Less than a month ago, Llewelyn told CBS News that he hoped to be on board for the 20th Bond installment scheduled for release in 2002.
Meanwhile, in existing footage, Llewelyn continues to devise new miracle gadgets for Bond, ever hopeful that his prize material may survive the mayhem-prone agent’s deployment. In the 1997 “Tomorrow Never Dies,” Llewelyn’s first line to Brosnan as Bond was a cautionary “Now pay attention, 007.” His last of the film, after Bond’s usual field day of explosive action, was: “Oh grow up, 007.”
On board from the second Bond film, “From Russia With Love” in 1963, Llewelyn resisted the director’s instruction that he use a Welsh accent, although he was born in South Wales, the son of a Welsh coal mining engineer.
“My interpretation of the character was that of a toffee-nosed English,” Llewelyn said. “At the risk of losing the part and with silent apologies to my native land, I launched into Q’s lines using the worst Welsh accent, followed by the same in English.”
The actor’s version, now a part of motion picture history, won out.
Llewelyn missed only the first Bond film, “Dr. No” in 1962, and the 1973 “Live and Let Die,” Moore’s first outing as 007.
The Q character, formally named Maj. Boothroyd, was nicknamed “Q” for Quartermaster, a position in the British army that specializes in sciences for the military. No such character existed in the Ian Fleming novels creating James Bond, although the written Bond did receive equipment from Q Branch.
Ironically, Llewelyn said that absent the Bond cinematic magic, he was “allergic to gadgets” and couldn’t even manipulate a hotel key card correctly. His comfortable home in Bexhill, England, has no computer or cell phone.
Asked repeatedly to name his favorite Bond gadget and his favorite Bond, Llewelyn hedged. Didn’t have favorites, he would say, but then concede he particularly liked a grenade fountain pen from the 1995 “Golden Eye.” As for the actors, he clearly liked and admired Connery and Moore, noting that Moore simply gave Bond a lighter style. He always dismissed Lazenby with “He wasn’t an actor,” and called Dalton “tough, the nearest to Fleming’s Bond.” But he rated Brosnan “terrific,” credited him with reinventing Connery’s 007 and bluntly predicted that Brosnan “will be the definitive Bond.”
As a youth in Wales, Llewelyn envisioned careers as a clergyman or accountant. But at 17, he spent a religious retreat perusing Film Weekly magazine instead of praying.
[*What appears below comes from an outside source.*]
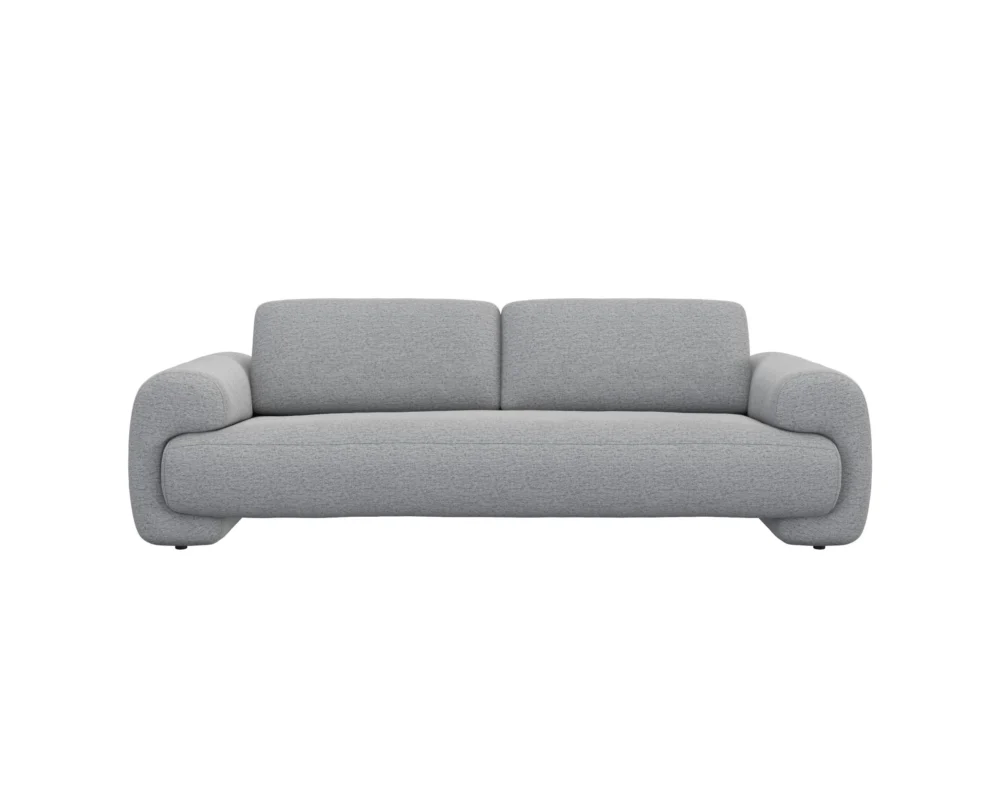 Flexlux Molino 3 Sitzer Sofa – Bild 29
So he focused on acting, beginning as a stagehand in high school, and studied with the Royal Academy for the Dramatic Artists.
Llewelyn spent his entire career as a character actor in supporting roles and achieved fame only in his 50s as Q. His first film was the 1939 “Ask a Policeman.”
When World War II intervened, Llewelyn joined the Royal Welsh Fusiliers of the British army. He was captured in France and was a German prisoner of war for five years.
After the war, he toured in small repertory theater troupes before resuming his film career in 1950. In addition to a dozen or so non-Bond films, Llewelyn appeared on several television series, including 1979 episodes of PBS’ “Masterpiece Theater.”
The actor is survived by his wife of 61 years, Pamela, who suffers from Alzheimer’s disease; two sons, Ivor and Justin, and two grandchildren.